**Brief**
Please repeat exactly the lines below from the line with "Property photo 1 of 31" to the line with "AUDI A4 B8 2010r 2.0 tdi 2010r", including both, and leave out every picture.

**Records shown**
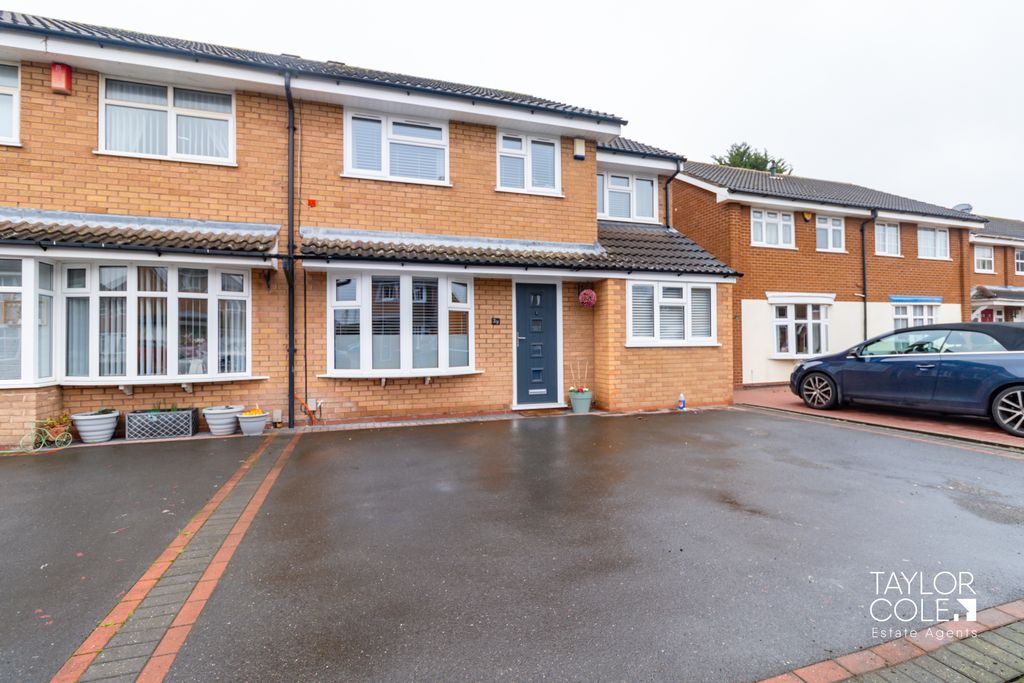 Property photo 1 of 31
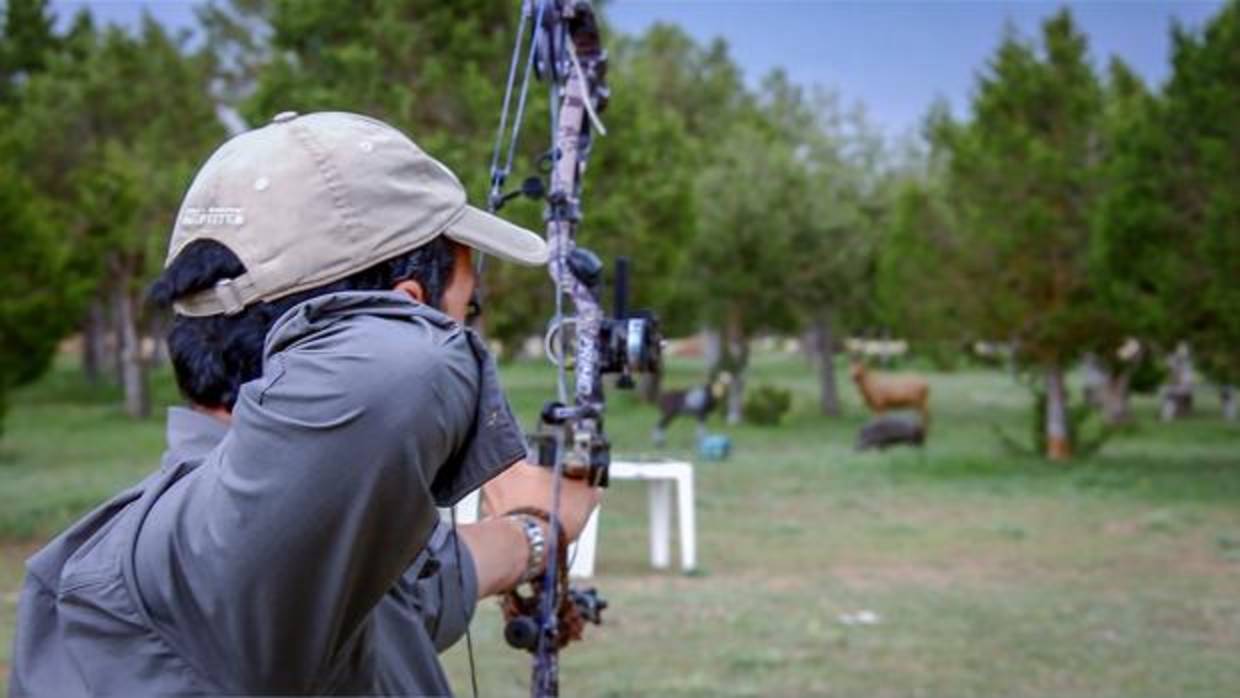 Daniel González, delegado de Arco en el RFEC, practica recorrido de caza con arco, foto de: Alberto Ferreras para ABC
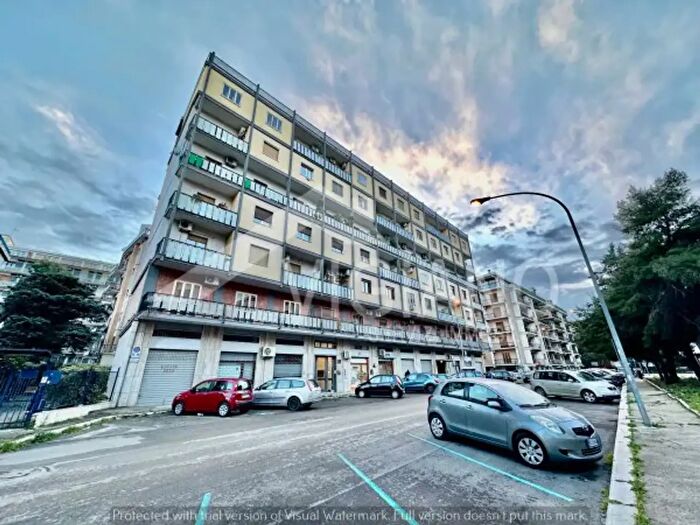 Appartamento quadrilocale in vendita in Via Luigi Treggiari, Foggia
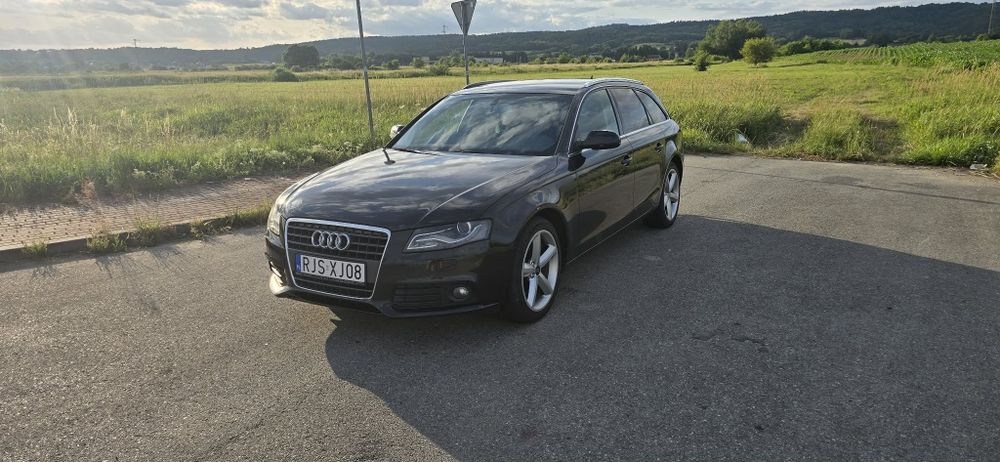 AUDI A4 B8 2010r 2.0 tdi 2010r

---

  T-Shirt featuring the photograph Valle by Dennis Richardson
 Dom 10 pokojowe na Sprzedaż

---

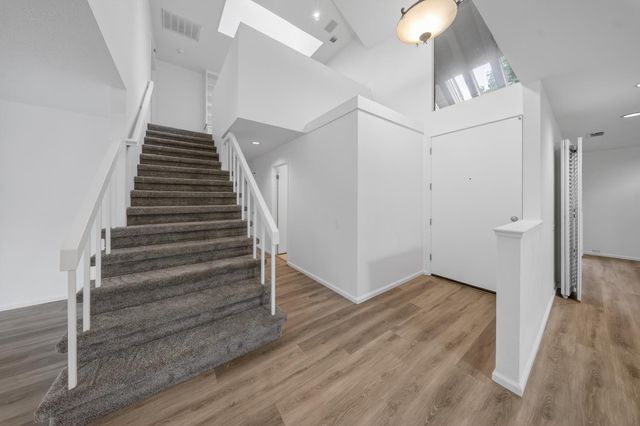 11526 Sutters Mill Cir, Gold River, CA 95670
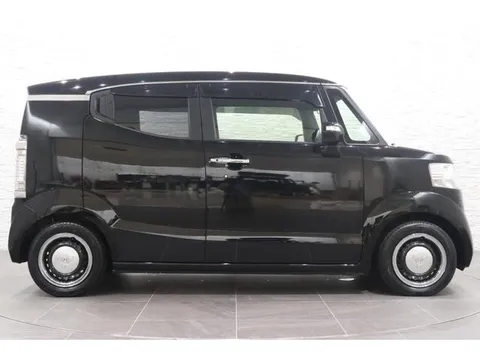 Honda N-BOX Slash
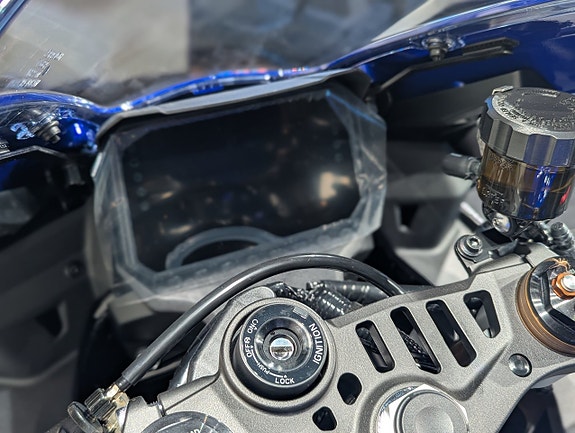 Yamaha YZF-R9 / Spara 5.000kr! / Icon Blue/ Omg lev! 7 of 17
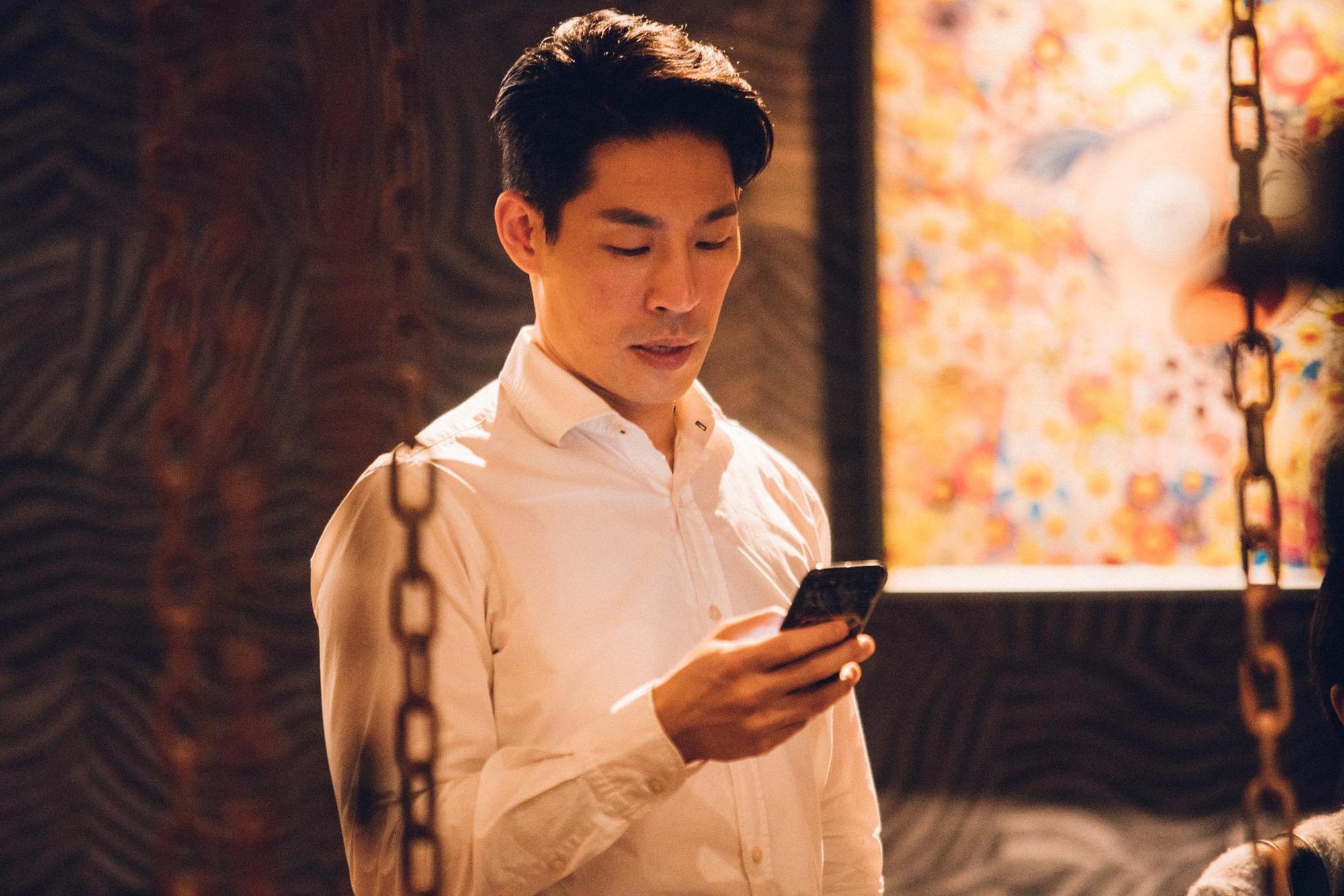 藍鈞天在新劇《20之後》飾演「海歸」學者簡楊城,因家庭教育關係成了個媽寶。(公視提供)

**Solution**
 Property photo 1 of 31
 Daniel González, delegado de Arco en el RFEC, practica recorrido de caza con arco, foto de: Alberto Ferreras para ABC
 Appartamento quadrilocale in vendita in Via Luigi Treggiari, Foggia
 AUDI A4 B8 2010r 2.0 tdi 2010r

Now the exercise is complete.